June 1 to June 7
Sudha Padmaja Francis
As a child, I went to places with my family, every vacation, almost always in a train. I remember the sleepless nights on the long train journeys, travelling to Goa, Maharashtra. Andhra Pradesh, Tamil Nadu…
Brown trains became blue trains. The smell inside trains; something which we took home invariably. We wouldn’t know of the smell until we reached home though.
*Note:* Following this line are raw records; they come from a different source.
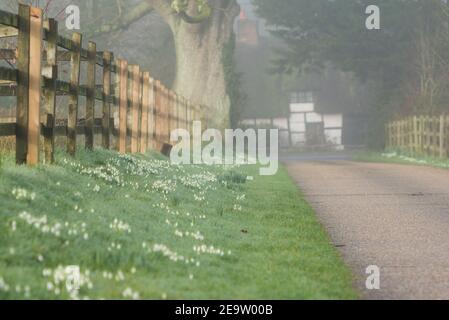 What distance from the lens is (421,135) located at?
3659 centimetres

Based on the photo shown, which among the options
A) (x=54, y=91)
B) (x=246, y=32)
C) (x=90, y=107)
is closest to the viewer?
(x=54, y=91)

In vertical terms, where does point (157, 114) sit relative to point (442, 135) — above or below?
above

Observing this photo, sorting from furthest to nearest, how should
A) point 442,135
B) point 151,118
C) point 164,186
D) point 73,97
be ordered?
point 442,135
point 151,118
point 73,97
point 164,186

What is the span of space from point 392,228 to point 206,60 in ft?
92.2

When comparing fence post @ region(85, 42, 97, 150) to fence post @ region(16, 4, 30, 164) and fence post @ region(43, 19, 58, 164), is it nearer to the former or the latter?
fence post @ region(43, 19, 58, 164)

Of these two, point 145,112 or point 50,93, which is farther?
point 145,112

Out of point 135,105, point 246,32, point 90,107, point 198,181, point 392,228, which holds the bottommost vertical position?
point 392,228

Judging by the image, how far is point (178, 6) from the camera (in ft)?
104

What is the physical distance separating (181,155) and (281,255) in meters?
16.8

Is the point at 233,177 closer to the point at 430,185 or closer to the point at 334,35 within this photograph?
the point at 430,185

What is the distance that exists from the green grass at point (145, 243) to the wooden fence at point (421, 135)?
21.4 m

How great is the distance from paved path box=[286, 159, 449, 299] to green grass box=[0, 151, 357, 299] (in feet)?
1.24

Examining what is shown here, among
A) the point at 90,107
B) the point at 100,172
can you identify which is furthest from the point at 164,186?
the point at 90,107

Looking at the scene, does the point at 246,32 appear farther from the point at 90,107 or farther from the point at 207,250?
the point at 207,250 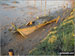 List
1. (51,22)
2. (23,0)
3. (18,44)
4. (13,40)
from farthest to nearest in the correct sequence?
(23,0) → (51,22) → (13,40) → (18,44)

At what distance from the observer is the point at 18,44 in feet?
20.5

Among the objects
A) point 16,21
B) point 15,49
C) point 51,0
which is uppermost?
point 51,0

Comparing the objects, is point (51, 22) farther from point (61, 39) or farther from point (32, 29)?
point (61, 39)

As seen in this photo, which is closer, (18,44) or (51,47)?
(51,47)

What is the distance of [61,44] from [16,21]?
6.03 m

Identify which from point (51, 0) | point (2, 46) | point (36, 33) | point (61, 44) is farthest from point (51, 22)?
point (51, 0)

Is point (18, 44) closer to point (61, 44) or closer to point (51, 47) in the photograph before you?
point (51, 47)


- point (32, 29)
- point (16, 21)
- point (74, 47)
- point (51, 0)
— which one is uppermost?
point (51, 0)

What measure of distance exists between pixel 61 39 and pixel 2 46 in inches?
151

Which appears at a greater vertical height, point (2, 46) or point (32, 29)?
point (32, 29)

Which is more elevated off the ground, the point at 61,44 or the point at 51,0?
the point at 51,0

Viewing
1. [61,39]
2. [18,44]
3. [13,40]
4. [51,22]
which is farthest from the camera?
[51,22]

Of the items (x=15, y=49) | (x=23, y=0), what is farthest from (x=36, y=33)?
(x=23, y=0)

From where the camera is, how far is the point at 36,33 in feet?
24.7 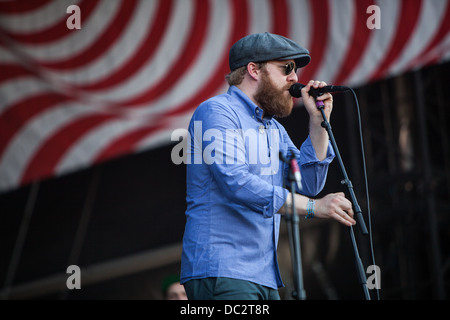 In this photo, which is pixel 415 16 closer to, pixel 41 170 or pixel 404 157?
pixel 404 157

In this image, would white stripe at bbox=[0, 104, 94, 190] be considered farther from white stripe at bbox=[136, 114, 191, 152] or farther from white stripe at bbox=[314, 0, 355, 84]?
white stripe at bbox=[314, 0, 355, 84]

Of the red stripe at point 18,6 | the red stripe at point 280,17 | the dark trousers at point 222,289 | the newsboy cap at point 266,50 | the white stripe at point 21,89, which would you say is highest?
the red stripe at point 18,6

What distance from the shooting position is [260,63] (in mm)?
2715

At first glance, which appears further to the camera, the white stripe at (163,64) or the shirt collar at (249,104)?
the white stripe at (163,64)

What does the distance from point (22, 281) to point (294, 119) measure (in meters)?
4.55

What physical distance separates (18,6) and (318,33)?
10.1ft

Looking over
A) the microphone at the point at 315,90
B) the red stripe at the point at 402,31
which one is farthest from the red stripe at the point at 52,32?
the microphone at the point at 315,90

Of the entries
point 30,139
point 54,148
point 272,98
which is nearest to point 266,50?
point 272,98

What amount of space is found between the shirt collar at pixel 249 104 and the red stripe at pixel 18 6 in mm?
4171

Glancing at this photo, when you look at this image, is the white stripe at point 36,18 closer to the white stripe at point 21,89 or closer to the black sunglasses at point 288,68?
the white stripe at point 21,89

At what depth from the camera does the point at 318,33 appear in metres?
5.62

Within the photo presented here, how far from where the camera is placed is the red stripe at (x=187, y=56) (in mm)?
5973

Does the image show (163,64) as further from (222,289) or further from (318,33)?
(222,289) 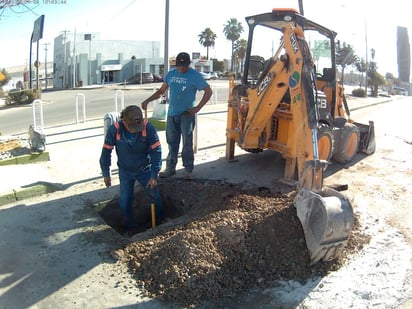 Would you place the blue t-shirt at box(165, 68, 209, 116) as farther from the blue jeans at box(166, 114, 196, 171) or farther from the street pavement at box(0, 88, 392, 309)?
the street pavement at box(0, 88, 392, 309)

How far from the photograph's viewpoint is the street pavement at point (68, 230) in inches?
140

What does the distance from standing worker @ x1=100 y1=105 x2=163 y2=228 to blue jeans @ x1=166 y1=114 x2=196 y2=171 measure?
1405 millimetres

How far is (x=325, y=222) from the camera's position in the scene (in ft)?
12.1

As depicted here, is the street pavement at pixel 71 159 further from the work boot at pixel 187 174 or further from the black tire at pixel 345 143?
the black tire at pixel 345 143

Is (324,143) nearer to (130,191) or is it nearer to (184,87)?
(184,87)

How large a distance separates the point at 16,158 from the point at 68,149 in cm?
157

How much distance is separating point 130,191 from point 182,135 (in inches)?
64.1

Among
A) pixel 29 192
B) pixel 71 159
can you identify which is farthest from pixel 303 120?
pixel 71 159

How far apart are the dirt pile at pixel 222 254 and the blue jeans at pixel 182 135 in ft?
6.26

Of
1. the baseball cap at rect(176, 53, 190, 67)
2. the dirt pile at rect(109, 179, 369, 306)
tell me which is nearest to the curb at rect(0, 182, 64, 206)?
the dirt pile at rect(109, 179, 369, 306)

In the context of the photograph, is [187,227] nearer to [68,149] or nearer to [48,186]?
[48,186]

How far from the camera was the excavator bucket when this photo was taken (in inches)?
146

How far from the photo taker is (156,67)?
6125 cm

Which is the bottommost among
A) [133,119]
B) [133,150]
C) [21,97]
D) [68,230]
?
[68,230] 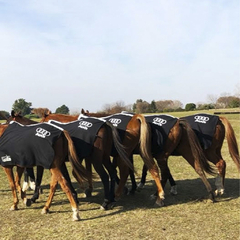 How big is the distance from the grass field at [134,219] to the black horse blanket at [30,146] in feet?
2.95

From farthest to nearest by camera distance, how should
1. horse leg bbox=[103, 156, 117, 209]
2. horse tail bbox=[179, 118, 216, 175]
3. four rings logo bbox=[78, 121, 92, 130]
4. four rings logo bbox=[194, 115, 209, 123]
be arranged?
four rings logo bbox=[194, 115, 209, 123] < horse tail bbox=[179, 118, 216, 175] < horse leg bbox=[103, 156, 117, 209] < four rings logo bbox=[78, 121, 92, 130]

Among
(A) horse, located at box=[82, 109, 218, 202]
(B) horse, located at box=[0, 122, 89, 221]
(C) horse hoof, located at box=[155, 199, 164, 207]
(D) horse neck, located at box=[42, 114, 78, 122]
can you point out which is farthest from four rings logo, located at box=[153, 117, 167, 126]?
(D) horse neck, located at box=[42, 114, 78, 122]

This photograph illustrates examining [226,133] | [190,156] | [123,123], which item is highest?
[123,123]

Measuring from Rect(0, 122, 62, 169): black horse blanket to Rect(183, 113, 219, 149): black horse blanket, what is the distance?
2.92 metres

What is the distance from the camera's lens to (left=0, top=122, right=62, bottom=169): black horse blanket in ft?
14.1

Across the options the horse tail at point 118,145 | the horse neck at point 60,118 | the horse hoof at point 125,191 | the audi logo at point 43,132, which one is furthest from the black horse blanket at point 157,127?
the audi logo at point 43,132

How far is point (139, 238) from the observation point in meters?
3.59

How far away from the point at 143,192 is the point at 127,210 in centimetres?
128

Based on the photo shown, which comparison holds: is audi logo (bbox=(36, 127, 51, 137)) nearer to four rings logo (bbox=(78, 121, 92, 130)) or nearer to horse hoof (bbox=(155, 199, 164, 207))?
four rings logo (bbox=(78, 121, 92, 130))

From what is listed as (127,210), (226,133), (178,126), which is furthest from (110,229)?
(226,133)

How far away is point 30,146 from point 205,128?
11.5 feet

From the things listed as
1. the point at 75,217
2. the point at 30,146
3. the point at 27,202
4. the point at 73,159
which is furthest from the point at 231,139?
the point at 27,202

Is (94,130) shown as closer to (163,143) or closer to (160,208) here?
(163,143)

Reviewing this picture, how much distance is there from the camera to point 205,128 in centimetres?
563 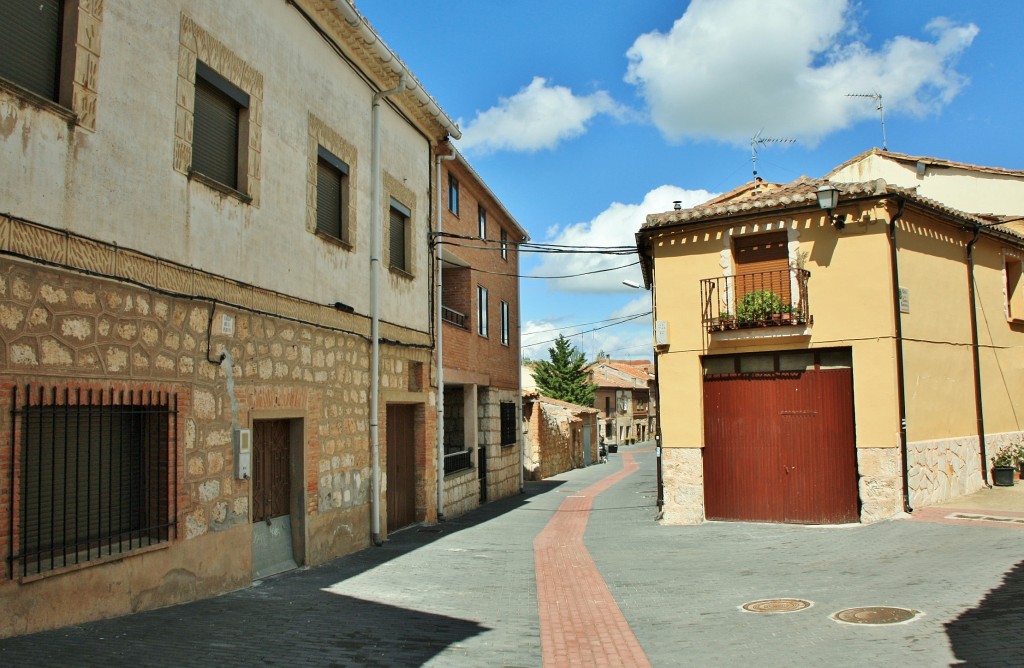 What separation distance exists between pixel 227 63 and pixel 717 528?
10196 millimetres

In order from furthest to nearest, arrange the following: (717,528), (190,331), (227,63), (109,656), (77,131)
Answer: (717,528) → (227,63) → (190,331) → (77,131) → (109,656)

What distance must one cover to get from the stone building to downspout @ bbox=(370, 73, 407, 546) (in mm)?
38

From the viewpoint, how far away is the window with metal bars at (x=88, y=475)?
5.53 m

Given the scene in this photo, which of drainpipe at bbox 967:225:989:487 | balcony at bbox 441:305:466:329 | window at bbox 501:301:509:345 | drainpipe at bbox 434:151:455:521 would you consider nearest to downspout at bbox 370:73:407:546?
drainpipe at bbox 434:151:455:521

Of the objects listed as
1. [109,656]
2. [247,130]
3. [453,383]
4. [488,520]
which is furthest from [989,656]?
[453,383]

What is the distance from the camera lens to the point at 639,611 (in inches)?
295

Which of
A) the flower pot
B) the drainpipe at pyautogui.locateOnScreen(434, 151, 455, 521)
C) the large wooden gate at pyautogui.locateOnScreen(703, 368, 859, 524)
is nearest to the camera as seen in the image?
the large wooden gate at pyautogui.locateOnScreen(703, 368, 859, 524)

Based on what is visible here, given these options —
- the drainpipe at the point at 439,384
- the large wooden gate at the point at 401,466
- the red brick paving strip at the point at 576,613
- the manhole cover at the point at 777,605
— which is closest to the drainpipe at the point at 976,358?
the red brick paving strip at the point at 576,613

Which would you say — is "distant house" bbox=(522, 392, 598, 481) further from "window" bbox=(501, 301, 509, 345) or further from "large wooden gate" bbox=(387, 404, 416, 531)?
"large wooden gate" bbox=(387, 404, 416, 531)

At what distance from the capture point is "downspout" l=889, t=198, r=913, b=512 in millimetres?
12086

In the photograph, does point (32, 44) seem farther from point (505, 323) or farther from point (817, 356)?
point (505, 323)

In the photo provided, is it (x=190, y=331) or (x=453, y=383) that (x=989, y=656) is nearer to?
(x=190, y=331)

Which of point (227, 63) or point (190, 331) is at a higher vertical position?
point (227, 63)

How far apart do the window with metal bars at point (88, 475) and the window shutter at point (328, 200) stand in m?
3.93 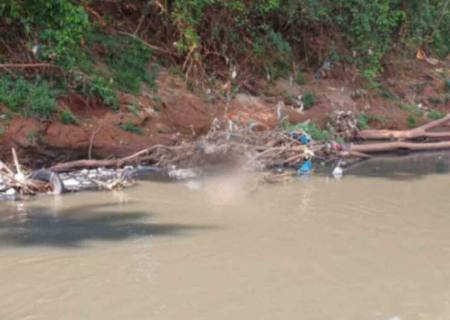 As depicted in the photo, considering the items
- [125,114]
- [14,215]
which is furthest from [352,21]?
[14,215]

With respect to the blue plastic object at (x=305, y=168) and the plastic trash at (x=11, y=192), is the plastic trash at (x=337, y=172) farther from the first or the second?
the plastic trash at (x=11, y=192)

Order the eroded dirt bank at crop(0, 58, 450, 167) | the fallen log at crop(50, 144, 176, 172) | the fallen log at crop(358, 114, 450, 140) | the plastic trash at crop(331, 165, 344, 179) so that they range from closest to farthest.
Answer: the fallen log at crop(50, 144, 176, 172) → the eroded dirt bank at crop(0, 58, 450, 167) → the plastic trash at crop(331, 165, 344, 179) → the fallen log at crop(358, 114, 450, 140)

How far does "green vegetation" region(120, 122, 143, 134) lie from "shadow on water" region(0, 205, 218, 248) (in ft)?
10.4

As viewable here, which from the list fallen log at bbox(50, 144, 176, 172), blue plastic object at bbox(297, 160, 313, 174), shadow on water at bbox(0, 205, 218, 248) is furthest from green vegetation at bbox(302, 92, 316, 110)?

I would be given a lower berth mostly, because it was difficult for me to climb up onto the upper berth. I would lay awake in the night and look out of the window, trees taking different shapes and forms that fascinated me endlessly. I always saw animals and creatures in my half asleep state. It is telling I do not have a single image of things outside a train window now.
I was fascinated by the red chain one saw in trains to be pulled in case of emergency, as a child. I always used to wonder what would one feel like if someone pulls the chain of the train we are travelling in, unexpectedly.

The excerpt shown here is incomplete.